You can find the original VGG paper here .

VGG in Keras

As we mentioned earlier, you can fairly quickly utilize a pre-trained model with Keras Applications . VGG16 is one of the built-in models supported. There are actually two versions of VGG, VGG16 and VGG19 (where the numbers denote the number of layers included in each respective model), and you can utilize either with Keras, but we'll work with VGG16 here.

from keras.applications.vgg16 import VGG16

model = VGG16(weights='imagenet', include_top=False)

There are two arguments to VGG16 in this example, although there could be more or less (check out the linked documentation to see other possible arguments). The first, weights='imagenet' , loads the pre-trained ImageNet weights. This is actually the default argument per the documentation, so if you don't include it, you should still be loading the ImageNet weights. However, you can also specify None here to get random weights if you just want the architecture of VGG16; this is not suggested here since you won't get the benefit of transfer learning.

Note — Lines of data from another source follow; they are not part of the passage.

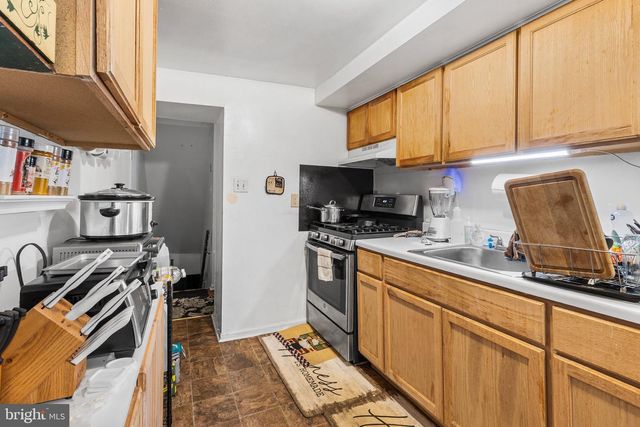803 N CHURCH ST, Wilmington, DE 19801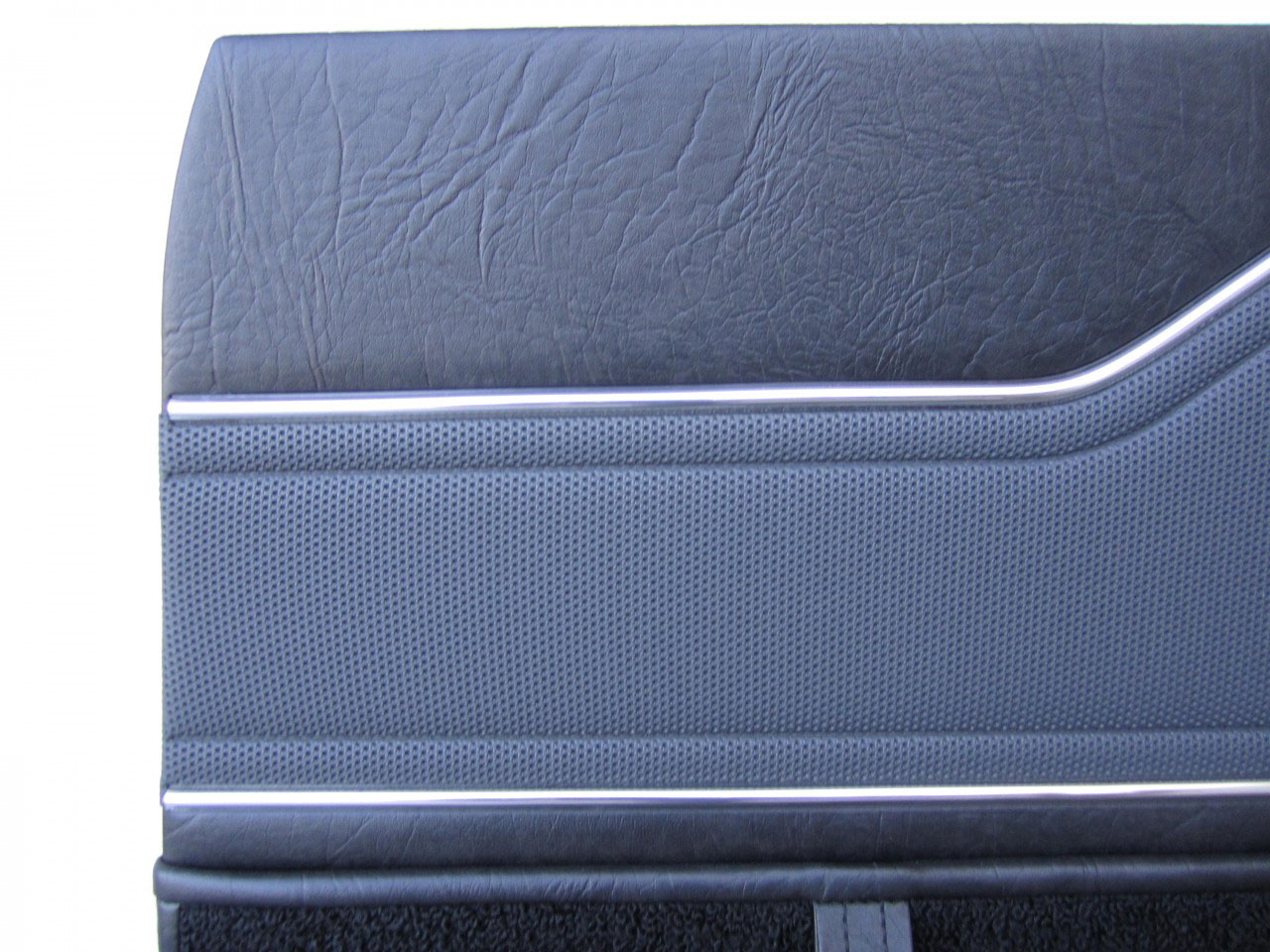 Holden Torana LX Torana SS Hatch 18V Slate Black Door Trims (Image 7 of 12)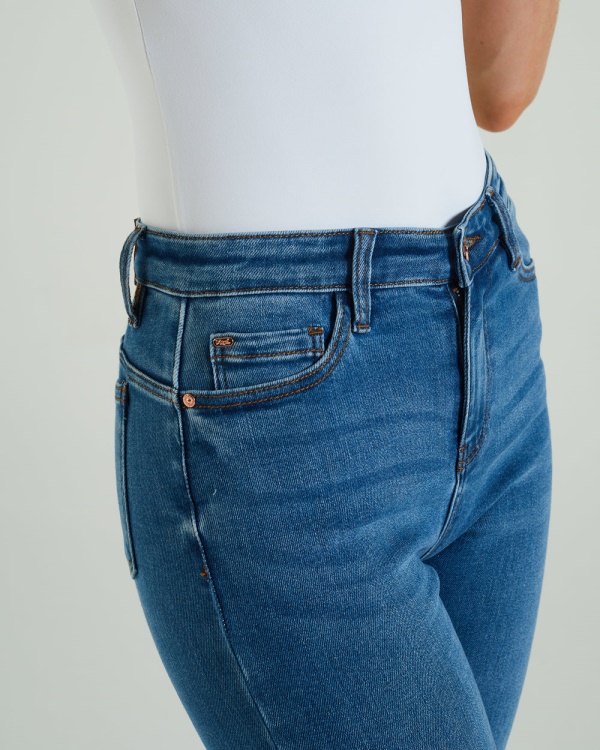 Gina High Rise Bootleg Laundry Blue Diesel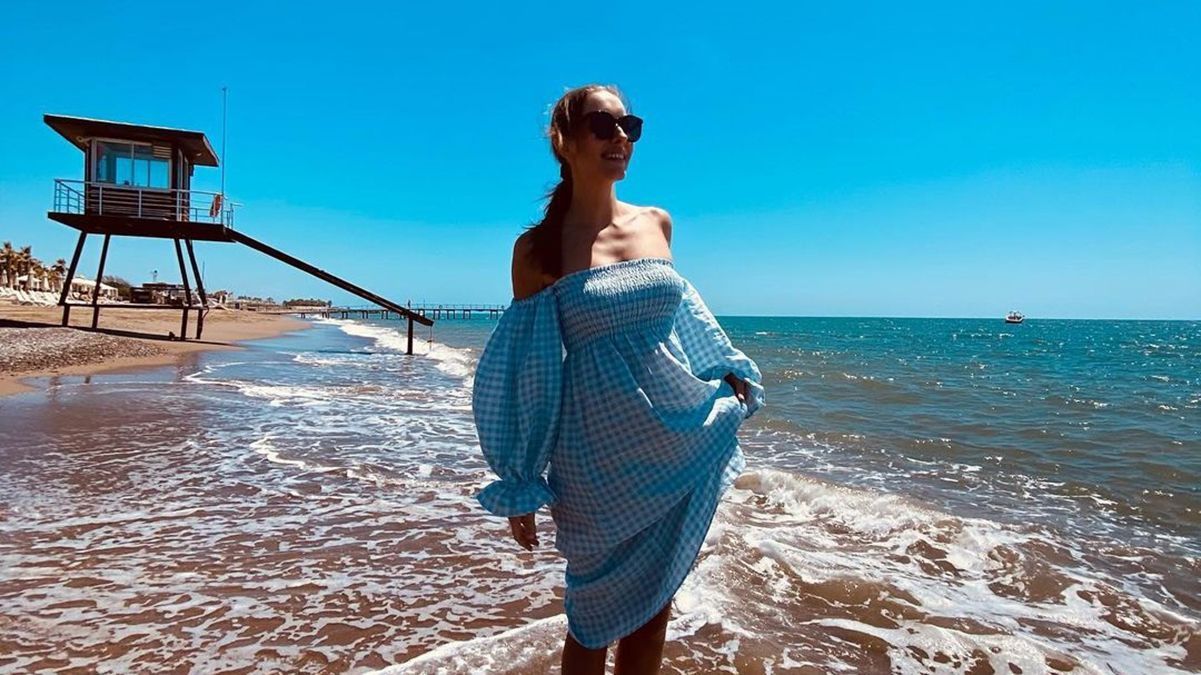 Катя Осадчая показала образ в клетчатом платье: фото из Турции Катя Осадчая показала образ в клетчатом платье: фото из Турции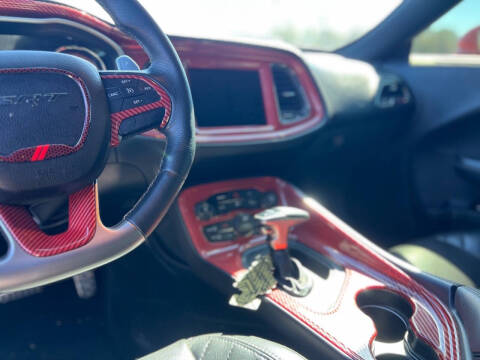2015 Dodge Challenger SRT Hellcat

The argument include_top is for whether you want to include the fully-connected layer at the top of the network; unless you are actually trying to classify ImageNet's 1,000 classes, you likely want to set this to False and add your own additional layer for the output you desire.

Pre-processing for ImageNet weights

There is another item to consider before jumping into using an ImageNet pre-trained model. These networks are typically pre-trained with a specific type of pre-processing, so you need to make sure to use the same pre-processing steps, or your network's outputs will likely be erratic.

VGG uses 224x224 images as input, so that's another thing to consider.

from keras.preprocessing import image
from keras.applications.vgg16 import preprocess_input
import numpy as np

img_path = 'your_image.jpg'
img = image.load_img(img_path, target_size=(224, 224))
x = image.img_to_array(img)
x = np.expand_dims(x, axis=0)
x = preprocess_input(x)